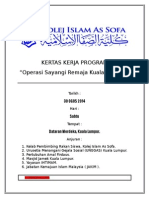 Proposal Prs (Semak Semula)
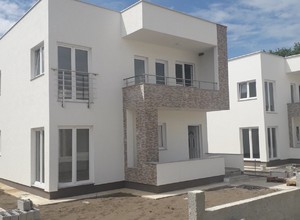 Новый дом в Ульцине, Велика Плажа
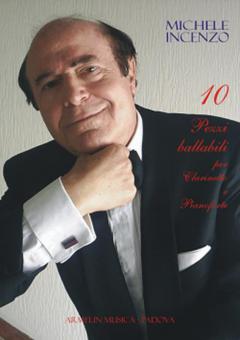 10 Pezzi Ballabili 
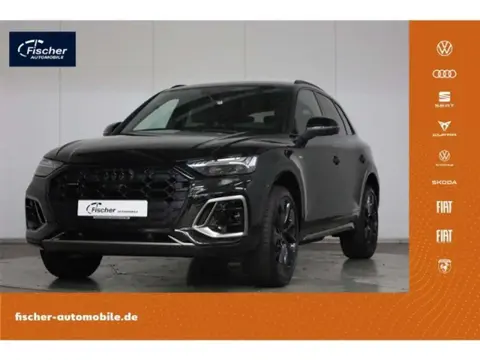 Annonce AUDI Q5 Diesel 2024 d'occasion 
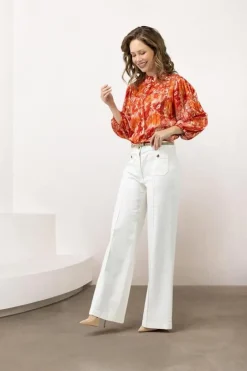 Label DOT Top 2511036 Aloha Clearance
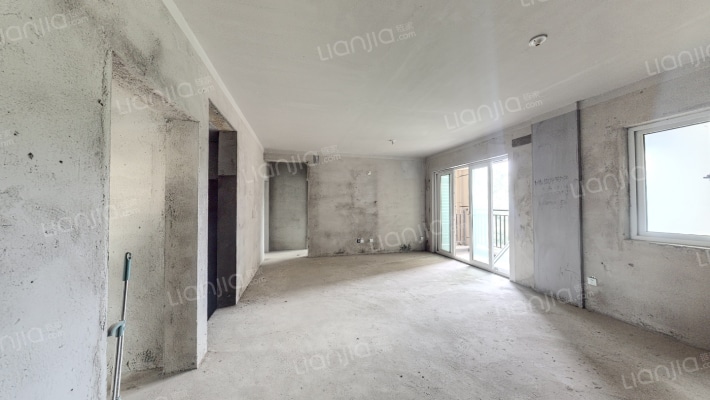 金科世界城二手房实景图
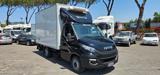 IVECO DAILY 35S16  AUTOMATICO FRIGO FRBX05-2027+SPONDA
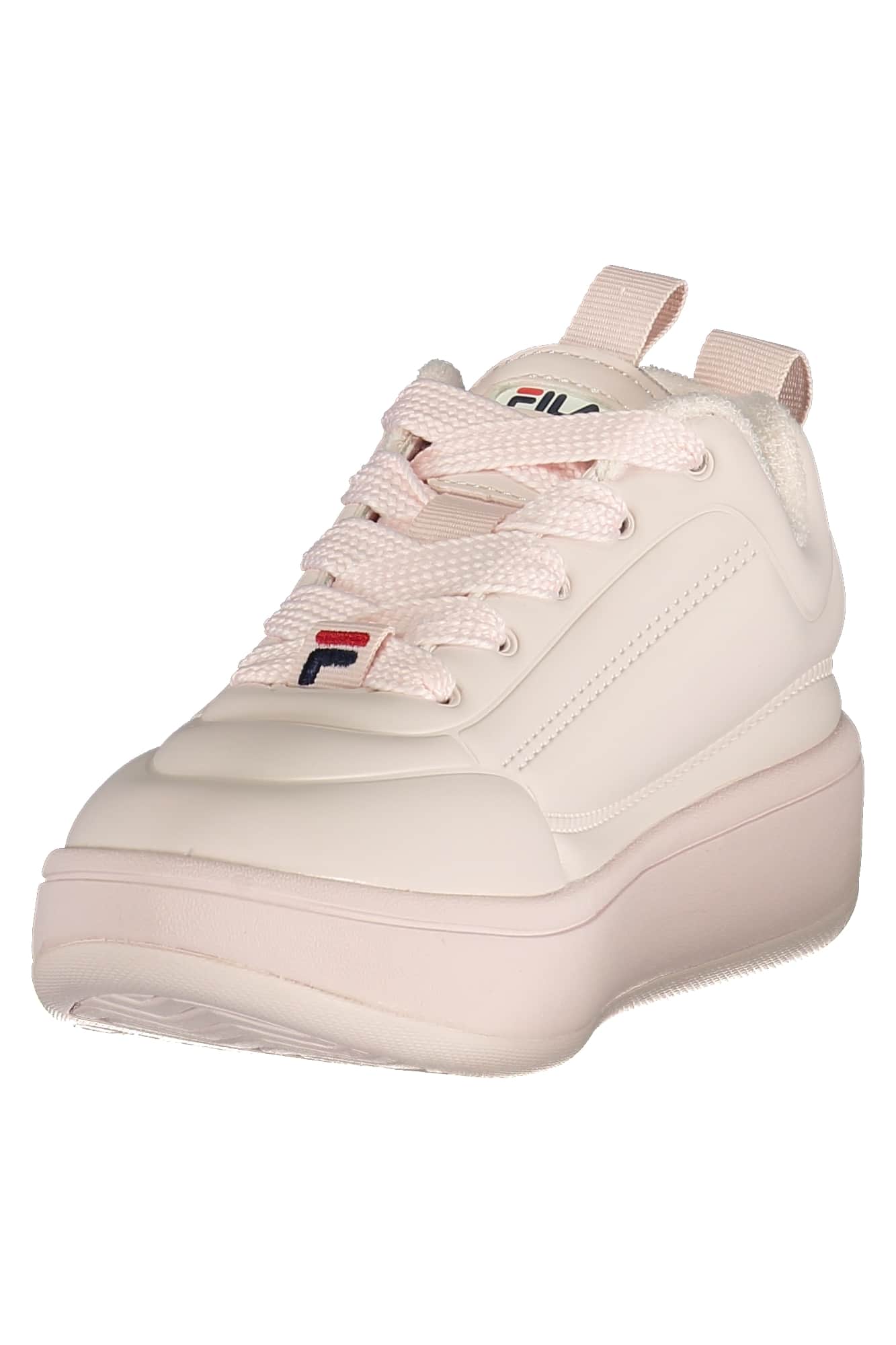 FILA PURPLE KIDS' SPORTS SHOES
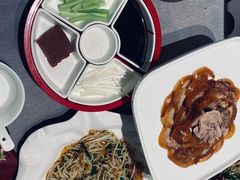 -大食客·非遗吉菜(高新和园店)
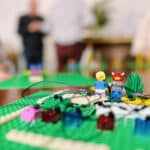 Atelier Lego® Serious Play®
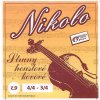 NIKOLO č.9 - husľové struny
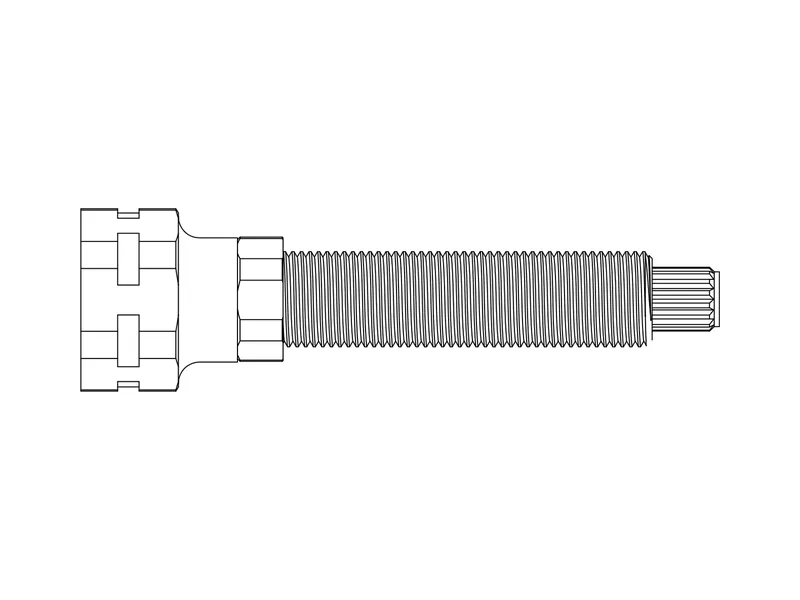 103030 Replacement Extension Kit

_PROBLEM REQUIREMENTS_. Leave out every picture and copy verbatim the lines running from the line containing "Новый дом в Ульцине, Велика Плажа" through the final line of the data.

_EXPECTED ANSWER_.
 Новый дом в Ульцине, Велика Плажа
 10 Pezzi Ballabili 
 Annonce AUDI Q5 Diesel 2024 d'occasion 
 Label DOT Top 2511036 Aloha Clearance
 金科世界城二手房实景图
 IVECO DAILY 35S16  AUTOMATICO FRIGO FRBX05-2027+SPONDA
 FILA PURPLE KIDS' SPORTS SHOES
 -大食客·非遗吉菜(高新和园店)
 Atelier Lego® Serious Play®
 NIKOLO č.9 - husľové struny
 103030 Replacement Extension Kit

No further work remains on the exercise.